In 1981, the Left Caucus opposed Bob Rae's successful candidacy for the leadership of the Ontario NDP backing MPP Richard Johnston instead.

Prior to the 1983 federal convention, the Left Caucus again pushed for the party to adopt an economic policy focussed on nationalization of industry and issued a document decrying "the half-measures of a mixed economy" and calling for "a socialist industrial strategy based on public sector ownership of the decisive sectors of the economy." The caucus unsuccessfully opposed the adoption of a new "statement of principles" by the NDP in 1983 which watered down the party's commitment to socialism and the planned economy.

In the mid-1980s the Caucus was involved with the Campaign for an Activist Party which attempted unsuccessfully to elect a slate led by Judy Rebick to the executive of the Ontario NDP.

Simon Rosenblum, later a vice-president of the ONDP and chief of staff to provincial finance minister Floyd Laughren, was a leader of the caucus in the early 1980s and authored a resolution that called on an NDP government to use "the central role of public ownership in the development of our primary resource industries". By the end of the 1980s the Left Caucus was led by members of the "Forward" Group such as Gord Doctorow, Wayne Roberts, Harry Kopyto and George Ehring.

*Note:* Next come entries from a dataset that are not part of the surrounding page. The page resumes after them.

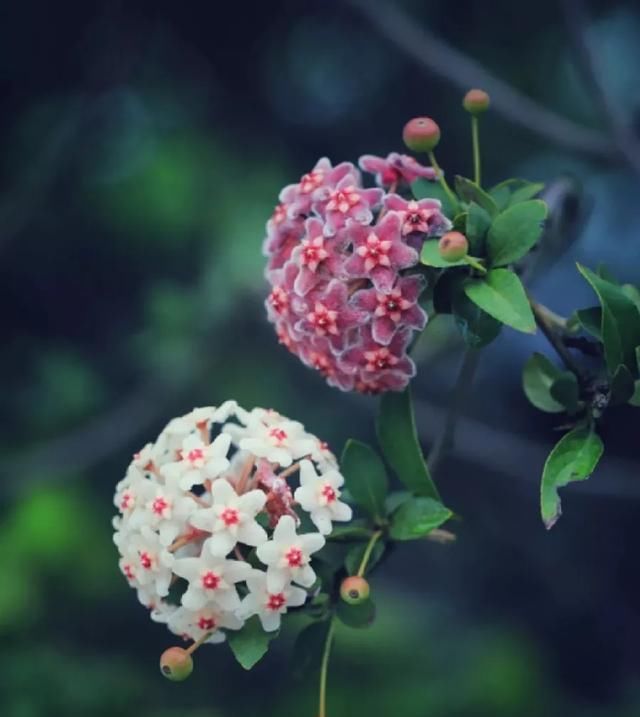  『花期』有院子,一定要养这“7种花”,花量大,花期长,好养又漂亮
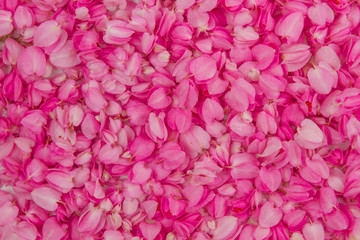 Pink flower petal for design background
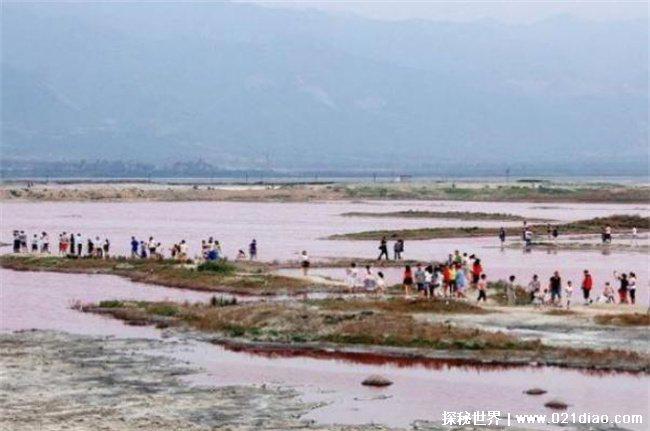 世界上最浪漫的湖泊 塞内加尔的玫瑰湖(粉红色湖面)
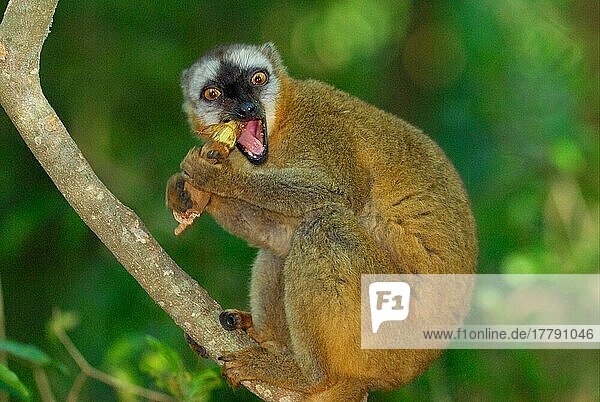 Rotstirn-Brauner Lemur (Eulemur rufus) adult  ernährt sich von Tamarindensamen im Regenwald der Galerie  Berenty Nature Reserve  Süd-Madagaskar  August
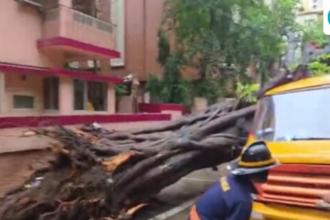 a-student-died-after-a-tree-fell-on-a-school-bus-in-mumbai’s-chembur,-and-4-were-taken-to-hospital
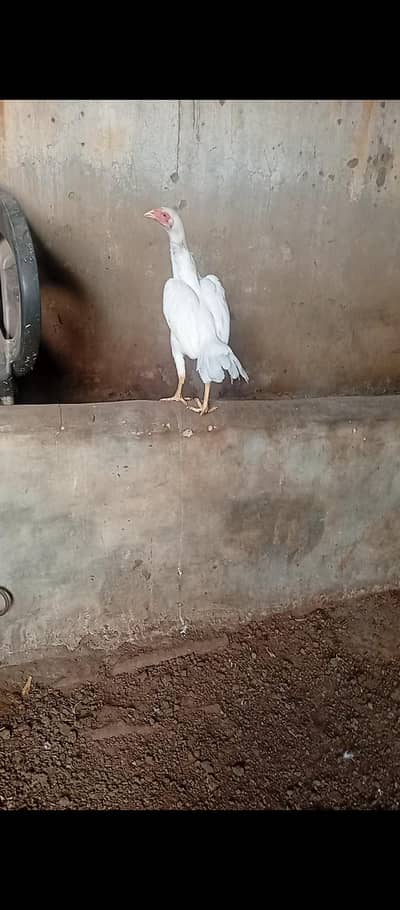 paper white heera  pathi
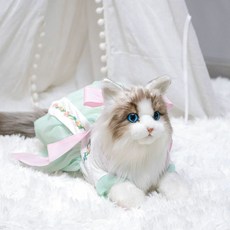 고양이 인형 소품 귀여운 장식품 인테리어 동물 애착인형 리얼, 6.녹색 한복 인형 고양이, 1개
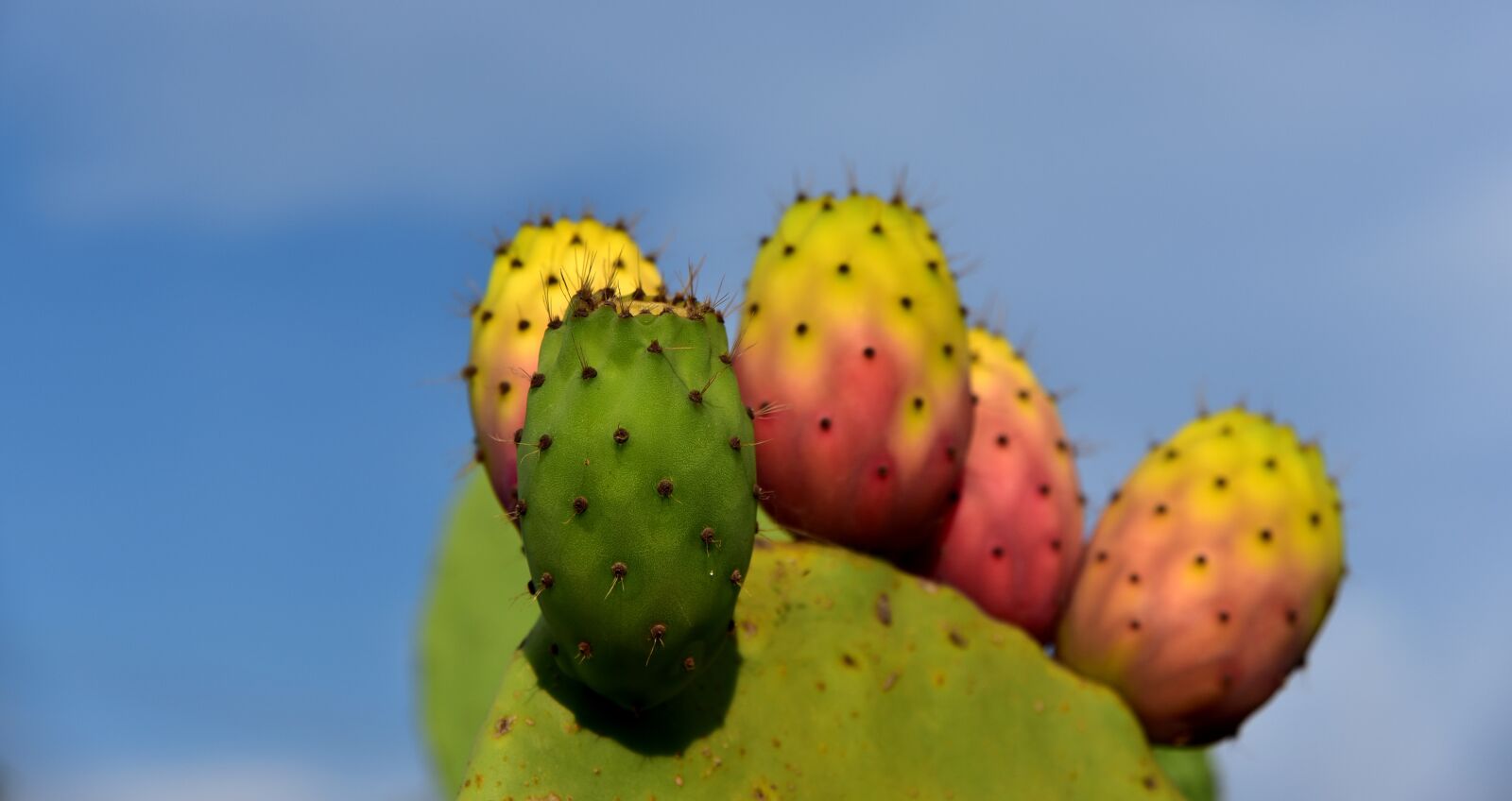 Nikon D750 sample photo. Cactus, prickly pear, prickly photography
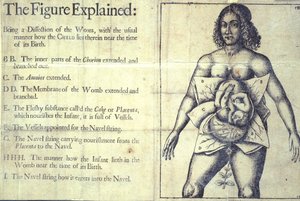 1177 s.19 "The Figure Explained", kaavio kohdusta, Jane Sharpin Lontoosta "Kätilöt Book or The Whole Art of Midwifery Discovered" tekijältä English School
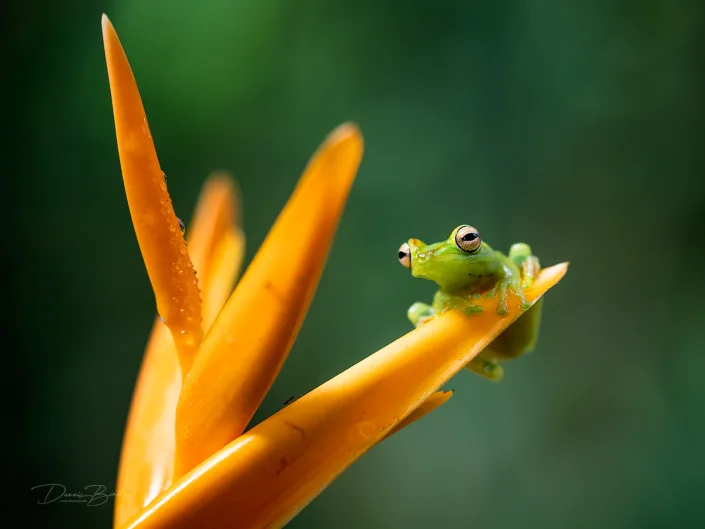 Red-webbed tree frog on a yellow plant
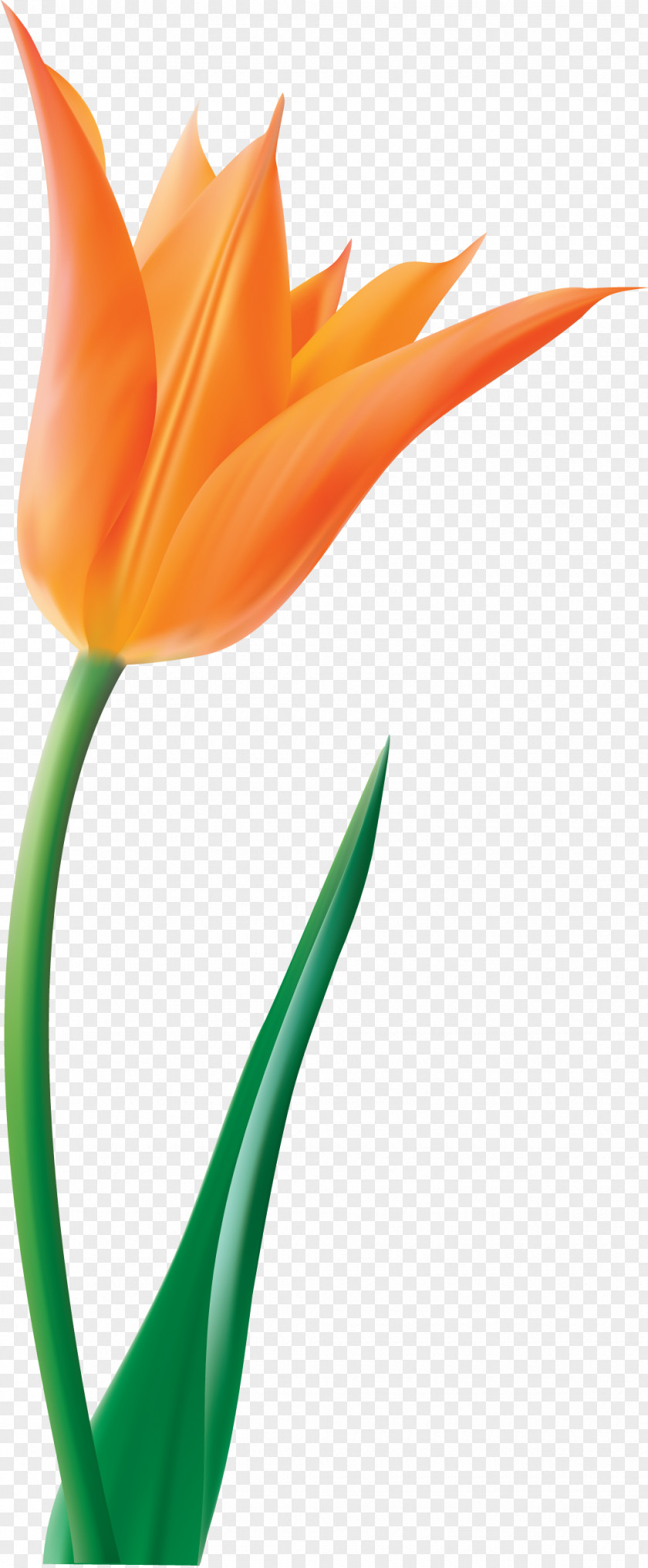 Picture Indira Gandhi Memorial Tulip Garden Flower Clip Art PNG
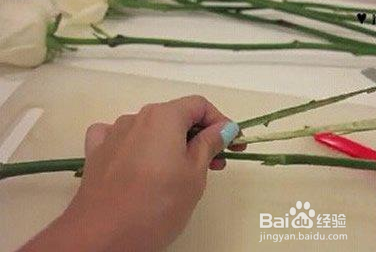 个性彩虹玫瑰花的方法教程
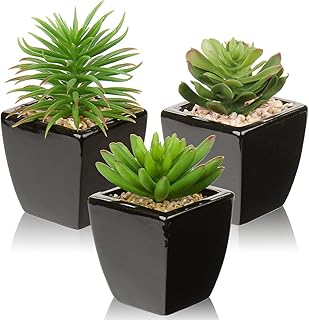 Hollyone Hollyone Small Succulents Artificial 3 Pcs Faux Succulents in Pots Fake Succulent Plants with Black Ceramic Pots for  - Image 1
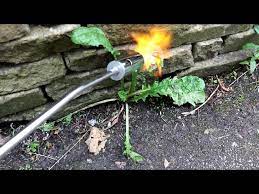 Weed Burner How To Kill Weeds Without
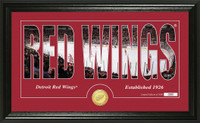 Detroit Red Wings Silhouette Bronze Coin Panoramic Photo Mint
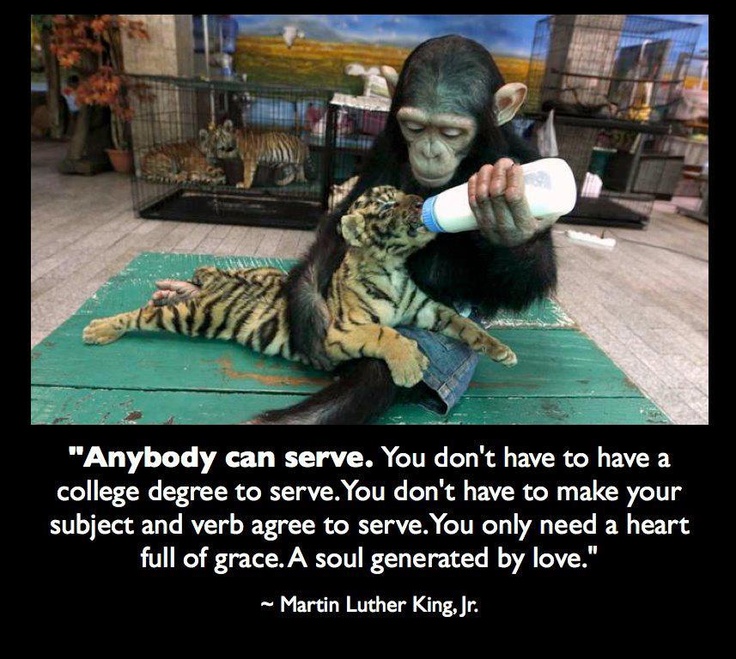 People Who Bash Others Quotes. QuotesGram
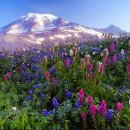 두산민박 이미지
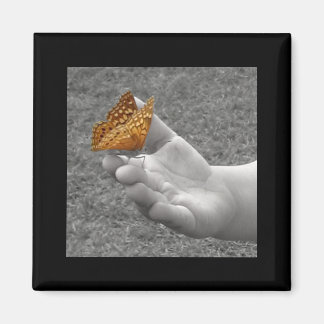 Íman Borboleta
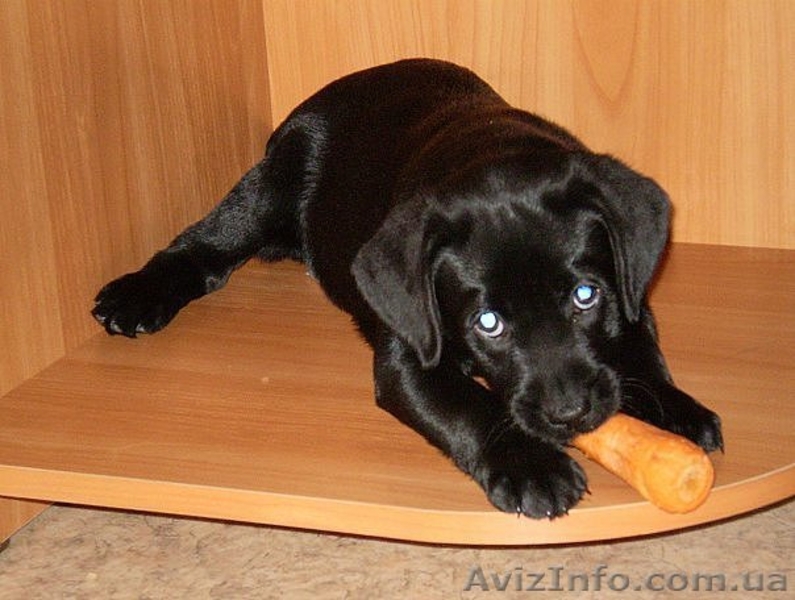 Щенок лабрадора ретривера мальчик - <ro>Изображение</ro><ru>Изображение</ru> #2, <ru>Объявление</ru> #957564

The Caucus declined from 1990 to 1995 while the Ontario NDP was in government under Bob Rae with publication of the Left Caucus Newsletter ceasing in 1994. In 1993, leading Left Caucus members Harry Kopyto, Gord Doctorow and Lois Bedard organised an open letter signed by 11 party members including three dissident MPPs criticising the Rae government for being too close to corporate interests and alienating itself from labour.